U.S. President Donald Trump, wearing band-aids on his hand, attends a cabinet meeting at the White House in Washington, D.C., U.S., December 2, 2025. REUTERS/Brian Snyder
President Donald Trump repeatedly insists that his health, both physical and mental, is first-rate. But his niece, psychologist/author Mary Trump, often points to behavior that, she says, shows poor mental health. And recurring bruising on Trump's hands, CNN's Adam Cancryn reports, continues to raise questions about the president's physical health.
White House Press Secretary Karoline Leavitt claims that the bruising occurs because Trump is shaking hands with a lot of people. But according to Cancryn, medical experts are questioning that explanation.

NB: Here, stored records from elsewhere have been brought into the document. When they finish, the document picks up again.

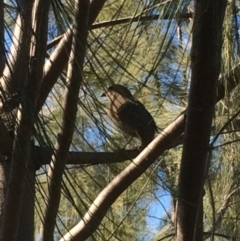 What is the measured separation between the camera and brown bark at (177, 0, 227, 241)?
86cm

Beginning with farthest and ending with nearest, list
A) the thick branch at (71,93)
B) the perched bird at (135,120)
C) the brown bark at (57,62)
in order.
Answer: the perched bird at (135,120), the brown bark at (57,62), the thick branch at (71,93)

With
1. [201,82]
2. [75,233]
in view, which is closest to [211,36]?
[201,82]

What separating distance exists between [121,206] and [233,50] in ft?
3.75

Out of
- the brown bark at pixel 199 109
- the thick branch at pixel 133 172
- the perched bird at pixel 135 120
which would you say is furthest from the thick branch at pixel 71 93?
the perched bird at pixel 135 120

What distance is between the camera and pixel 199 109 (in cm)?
96

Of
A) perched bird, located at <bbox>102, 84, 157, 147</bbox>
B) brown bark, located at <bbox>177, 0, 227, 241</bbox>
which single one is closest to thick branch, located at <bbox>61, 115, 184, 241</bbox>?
brown bark, located at <bbox>177, 0, 227, 241</bbox>

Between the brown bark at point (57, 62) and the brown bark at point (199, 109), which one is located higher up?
the brown bark at point (57, 62)

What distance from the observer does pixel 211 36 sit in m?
0.90

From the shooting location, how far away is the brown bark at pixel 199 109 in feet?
2.82

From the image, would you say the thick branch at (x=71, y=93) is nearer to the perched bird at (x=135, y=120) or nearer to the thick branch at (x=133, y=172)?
the thick branch at (x=133, y=172)

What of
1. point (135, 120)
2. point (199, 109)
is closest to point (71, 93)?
point (199, 109)

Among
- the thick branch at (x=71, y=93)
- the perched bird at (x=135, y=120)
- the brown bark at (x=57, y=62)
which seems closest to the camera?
the thick branch at (x=71, y=93)

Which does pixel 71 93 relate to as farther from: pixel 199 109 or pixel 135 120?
pixel 135 120

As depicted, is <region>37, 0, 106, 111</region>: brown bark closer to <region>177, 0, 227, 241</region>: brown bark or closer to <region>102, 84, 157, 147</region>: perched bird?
<region>177, 0, 227, 241</region>: brown bark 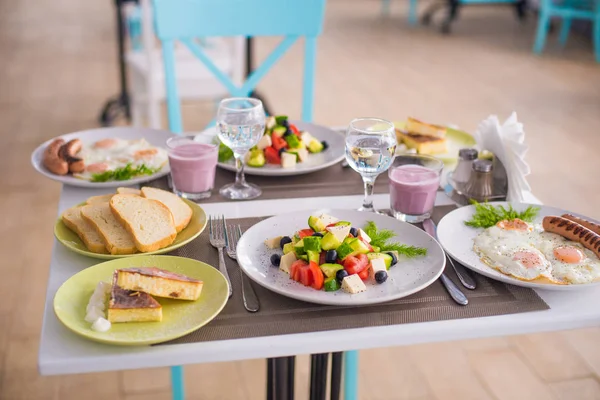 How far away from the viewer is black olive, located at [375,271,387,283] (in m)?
1.02

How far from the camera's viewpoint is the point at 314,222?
109 centimetres

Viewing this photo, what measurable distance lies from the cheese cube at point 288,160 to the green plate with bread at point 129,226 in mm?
304

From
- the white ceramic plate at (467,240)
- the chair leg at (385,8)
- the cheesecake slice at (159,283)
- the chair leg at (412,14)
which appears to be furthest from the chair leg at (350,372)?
the chair leg at (385,8)

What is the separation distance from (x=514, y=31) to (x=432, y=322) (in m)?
7.08

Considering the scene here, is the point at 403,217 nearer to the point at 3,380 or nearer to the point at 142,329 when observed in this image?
the point at 142,329

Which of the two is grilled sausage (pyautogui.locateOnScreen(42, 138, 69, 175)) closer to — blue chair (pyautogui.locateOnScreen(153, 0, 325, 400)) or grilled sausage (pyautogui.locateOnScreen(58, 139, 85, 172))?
grilled sausage (pyautogui.locateOnScreen(58, 139, 85, 172))

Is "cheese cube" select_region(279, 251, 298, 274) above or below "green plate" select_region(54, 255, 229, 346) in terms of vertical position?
above

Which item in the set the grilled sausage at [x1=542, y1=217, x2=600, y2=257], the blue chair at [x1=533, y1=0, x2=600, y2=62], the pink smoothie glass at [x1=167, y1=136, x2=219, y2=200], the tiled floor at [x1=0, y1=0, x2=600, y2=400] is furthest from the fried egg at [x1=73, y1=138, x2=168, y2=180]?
the blue chair at [x1=533, y1=0, x2=600, y2=62]

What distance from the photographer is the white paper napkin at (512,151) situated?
1.33 metres

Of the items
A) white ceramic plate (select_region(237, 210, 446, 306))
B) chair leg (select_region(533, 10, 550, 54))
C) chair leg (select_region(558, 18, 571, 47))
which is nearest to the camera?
white ceramic plate (select_region(237, 210, 446, 306))

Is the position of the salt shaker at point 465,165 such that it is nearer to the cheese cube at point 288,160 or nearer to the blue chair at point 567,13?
the cheese cube at point 288,160

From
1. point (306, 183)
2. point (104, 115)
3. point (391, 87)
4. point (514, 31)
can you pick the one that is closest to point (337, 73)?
point (391, 87)

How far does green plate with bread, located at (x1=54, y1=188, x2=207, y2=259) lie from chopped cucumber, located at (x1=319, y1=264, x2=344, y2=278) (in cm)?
26

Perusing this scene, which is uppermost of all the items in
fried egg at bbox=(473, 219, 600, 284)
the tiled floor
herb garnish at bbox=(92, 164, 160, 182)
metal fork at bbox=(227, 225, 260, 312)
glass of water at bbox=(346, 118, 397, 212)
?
glass of water at bbox=(346, 118, 397, 212) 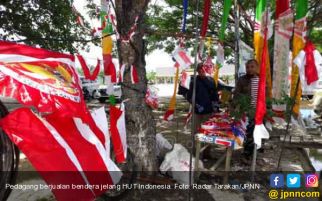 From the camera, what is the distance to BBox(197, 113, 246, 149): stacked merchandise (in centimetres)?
467

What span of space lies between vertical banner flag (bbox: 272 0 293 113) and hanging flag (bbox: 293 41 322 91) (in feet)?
3.38

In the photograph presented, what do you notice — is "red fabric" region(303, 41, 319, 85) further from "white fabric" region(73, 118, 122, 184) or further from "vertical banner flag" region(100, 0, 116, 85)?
"vertical banner flag" region(100, 0, 116, 85)

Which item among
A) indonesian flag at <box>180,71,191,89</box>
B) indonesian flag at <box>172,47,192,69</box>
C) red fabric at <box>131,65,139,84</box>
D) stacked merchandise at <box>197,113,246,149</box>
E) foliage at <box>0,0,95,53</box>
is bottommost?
stacked merchandise at <box>197,113,246,149</box>

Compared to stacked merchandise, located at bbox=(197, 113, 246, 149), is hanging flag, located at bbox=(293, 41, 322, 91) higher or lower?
higher

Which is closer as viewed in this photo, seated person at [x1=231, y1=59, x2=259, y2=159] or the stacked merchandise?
the stacked merchandise

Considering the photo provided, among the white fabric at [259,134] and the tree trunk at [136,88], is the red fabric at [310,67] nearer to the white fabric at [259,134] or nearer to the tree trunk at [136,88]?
the white fabric at [259,134]

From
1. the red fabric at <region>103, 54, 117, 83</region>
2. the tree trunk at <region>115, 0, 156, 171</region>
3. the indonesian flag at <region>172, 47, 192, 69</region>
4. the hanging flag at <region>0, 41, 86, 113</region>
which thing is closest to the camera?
the hanging flag at <region>0, 41, 86, 113</region>

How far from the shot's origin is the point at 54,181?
298cm

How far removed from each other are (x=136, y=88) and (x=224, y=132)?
1454 mm

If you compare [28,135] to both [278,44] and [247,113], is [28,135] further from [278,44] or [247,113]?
[278,44]

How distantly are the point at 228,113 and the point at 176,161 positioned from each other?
1.21 metres

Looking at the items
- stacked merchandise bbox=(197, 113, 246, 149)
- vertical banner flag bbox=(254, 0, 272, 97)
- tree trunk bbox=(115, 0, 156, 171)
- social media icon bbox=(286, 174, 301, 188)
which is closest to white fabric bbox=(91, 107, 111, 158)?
tree trunk bbox=(115, 0, 156, 171)

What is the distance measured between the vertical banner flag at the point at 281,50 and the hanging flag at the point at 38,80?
9.73ft

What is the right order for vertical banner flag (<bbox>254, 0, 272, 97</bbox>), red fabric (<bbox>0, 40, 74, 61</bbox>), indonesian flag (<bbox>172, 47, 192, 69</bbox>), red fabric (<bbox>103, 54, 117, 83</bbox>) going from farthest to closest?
vertical banner flag (<bbox>254, 0, 272, 97</bbox>)
indonesian flag (<bbox>172, 47, 192, 69</bbox>)
red fabric (<bbox>103, 54, 117, 83</bbox>)
red fabric (<bbox>0, 40, 74, 61</bbox>) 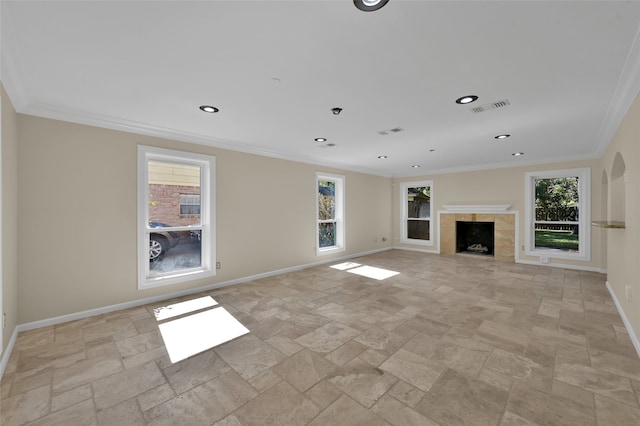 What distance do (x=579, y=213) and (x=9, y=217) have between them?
8892 millimetres

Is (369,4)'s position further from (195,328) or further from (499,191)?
(499,191)

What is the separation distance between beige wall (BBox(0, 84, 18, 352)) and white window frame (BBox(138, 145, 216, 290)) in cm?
112

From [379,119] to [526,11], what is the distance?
1.90 metres

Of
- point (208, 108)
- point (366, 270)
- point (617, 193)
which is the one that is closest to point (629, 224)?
point (617, 193)

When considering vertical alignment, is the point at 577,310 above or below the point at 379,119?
below

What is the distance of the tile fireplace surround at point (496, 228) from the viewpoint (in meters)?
6.49

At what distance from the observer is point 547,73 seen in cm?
A: 226

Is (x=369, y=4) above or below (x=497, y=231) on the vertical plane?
above

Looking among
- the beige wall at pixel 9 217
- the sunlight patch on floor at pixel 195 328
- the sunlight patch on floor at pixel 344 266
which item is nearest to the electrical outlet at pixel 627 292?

"Across a series of events last week," Cancryn explains in an article published on December 31, "the 79-year-old Trump appeared with discoloration or light bruising on the back of his left hand, in addition to the more persistent bruise on his right hand that has been visible for months. The new bruise appears to complicate the White House's explanation that the right-handed Trump developed the bruising through constant handshaking along with a regular regimen of aspirin that can make such discoloration more common."
Cancryn continues, "And while medical experts told CNN there is no fresh cause for concern, calling it a likely benign condition common in older people, they warned that Trump's reluctance to be more transparent about his health only threatens to intensify the scrutiny that he's struggled all year to escape…. The fresh bruising on Trump’s left hand represents the latest development to fuel speculation about his health since he returned to the White House — a sensitive topic for him that he's sought to counter by boasting frequently about his vigor."
Dr. Jeffrey Linder, chief of general internal medicine at Northwestern University's Feinberg School of Medicine in the Chicago area, told CNN that Trump and his allies are "feeding the curiosity cycle" where the bruises are concerned.
Linder notes, "He's in the public eye; he has a certain image he wants to portray, and even these minor things detract from that image."
Dr. Jonathan Reiner, who was a cardiologist for the late Vice President Dick Cheney and is now a professor of medicine at George Washington University in Washington, D.C., points out that bruising on an older person's hands isn't necessarily symptomatic of a severe health problem.
Reiner told CNN, "Bruising can be just simply a one-off thing when you have some trauma, you bump into something. Aspirin will make you more prone to bleeding…. The question now is less medical than it is transparency."